* Problem statement
Please leave out pictures and print exactly the lines from the one that has "ASTON MARTIN DBX 707" through the last line of the material below.

= Beginning of Section =

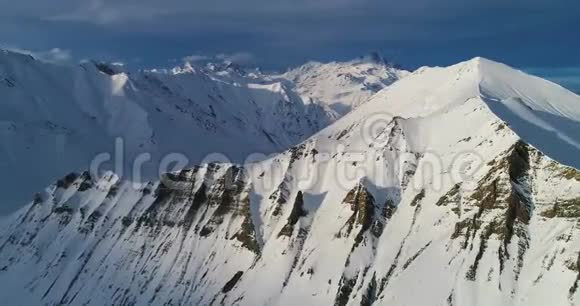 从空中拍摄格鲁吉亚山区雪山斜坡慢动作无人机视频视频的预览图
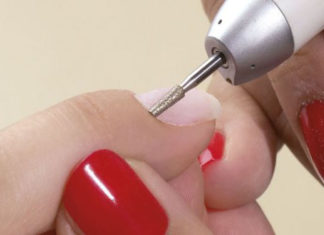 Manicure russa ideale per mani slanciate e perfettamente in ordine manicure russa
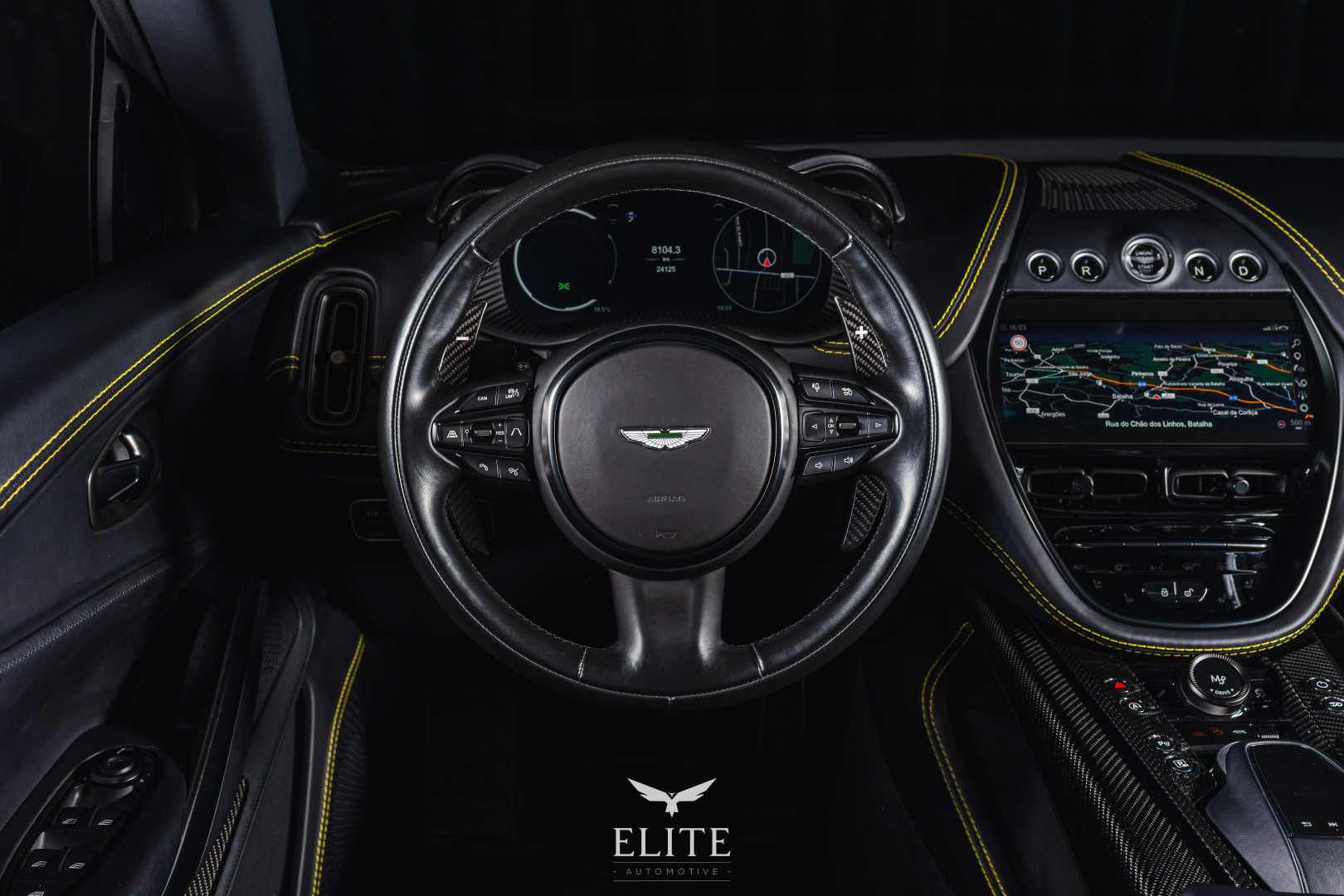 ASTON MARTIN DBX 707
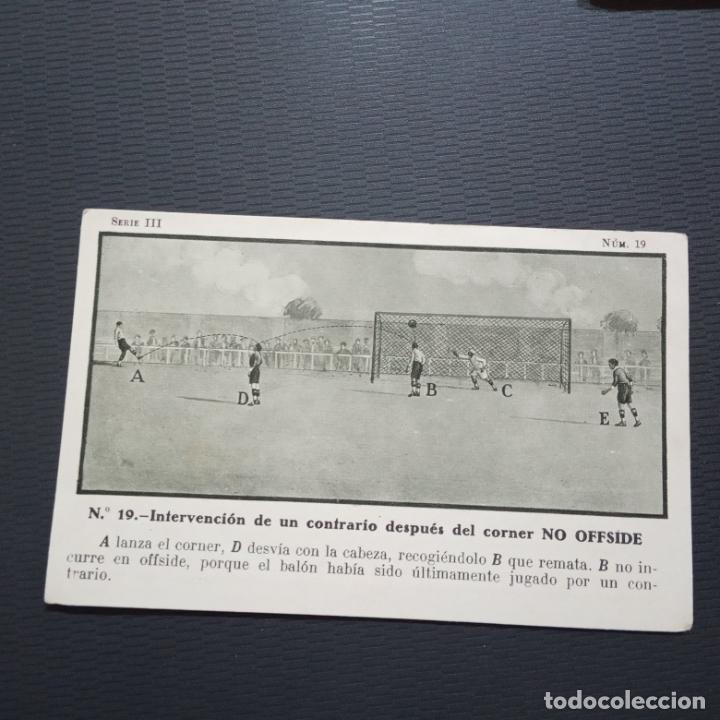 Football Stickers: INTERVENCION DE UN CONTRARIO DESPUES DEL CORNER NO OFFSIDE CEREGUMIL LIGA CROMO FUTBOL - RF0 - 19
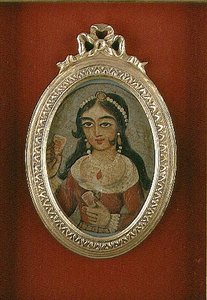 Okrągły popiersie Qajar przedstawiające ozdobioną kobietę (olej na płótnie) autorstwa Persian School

= End of Section =

* Task output
 ASTON MARTIN DBX 707
 Football Stickers: INTERVENCION DE UN CONTRARIO DESPUES DEL CORNER NO OFFSIDE CEREGUMIL LIGA CROMO FUTBOL - RF0 - 19
 Okrągły popiersie Qajar przedstawiające ozdobioną kobietę (olej na płótnie) autorstwa Persian School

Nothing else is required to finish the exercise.